I would have assumed that it’s a network bandwidth issue. The calculations for boons, conditions, and combat cannot be anywhere near as intensive as they say simply because these calculations happen in other games without any problems for large numbers. It gets worse for a RTS than for an MMO. The problem is how to funnel all of the data they want through the average user’s DSL line. They’re synchronizing animations at probably 10hz (maybe faster) including all of the combat data that comes across. If they used all 32 bit floats for the data here’s what we get. Each float is 4 bytes.
Position: 12 bytes
Velocity: 12 bytes
Animation: 1 byte ID, 4 bytes timing
Every damage indicator: 5 bytes per tick up to 50x for an arrow cart (200 bytes) 4 bytes amount, 1 byte type
Boons/conditions and timers: 4 bytes boon active flags, 4 bytes per boon (x9 for boons, x12 for conditions) plus flags and timers for class specific buffs and debuffs, makes out to about 150 bytes
healing ticks: same as the damage indicators but only up to 5, due to current aoe cap: 25 bytesI’ll add 150 bytes for ??? data i didn’t cover.

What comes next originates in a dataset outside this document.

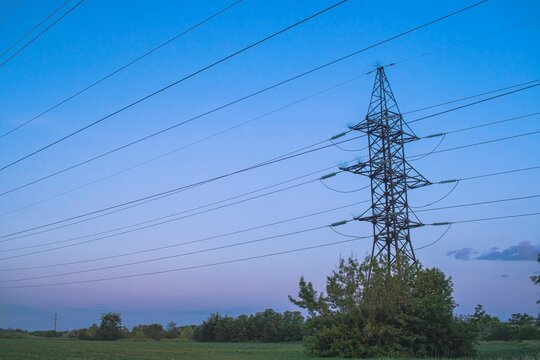 High voltage power transmission towers and power lines on green field at sunset. 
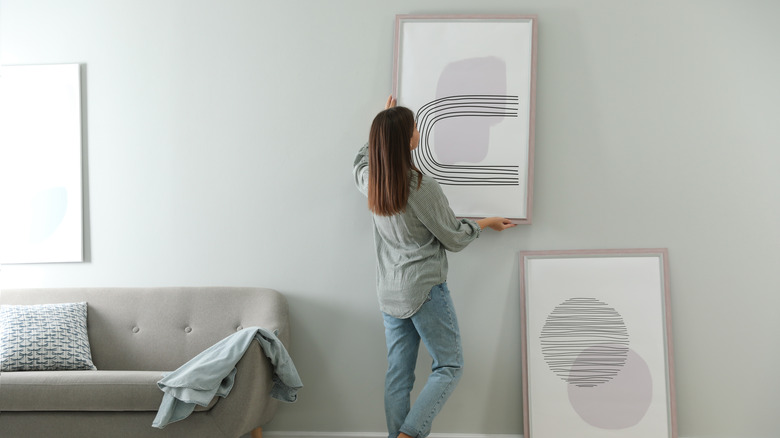 Person hanging up artwork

This makes out to 600bytes. For one player.
Now multiply that by expected server caps (80 per server I would imagine, or 240 total) makes out to be 141kb. How many frames of that can you get into a 300kbps DSL connection? 2 maybe.That’s why you get skill lag. They shut off all of the AOE abilities and particularly the utilities. If they shut off aoes they save 240*5*5 bytes per frame just in damage ticks. They’re also pushing information for projectiles and sfx animations over that pipe and most of the data for that is used in AOE attacks. They save some minor server calculation time as well (manhattan distance calculation costs 6 multiplications and 6 additions and one less than comparison, that’s childs play for any CPU today) but it’s mostly bandwidth.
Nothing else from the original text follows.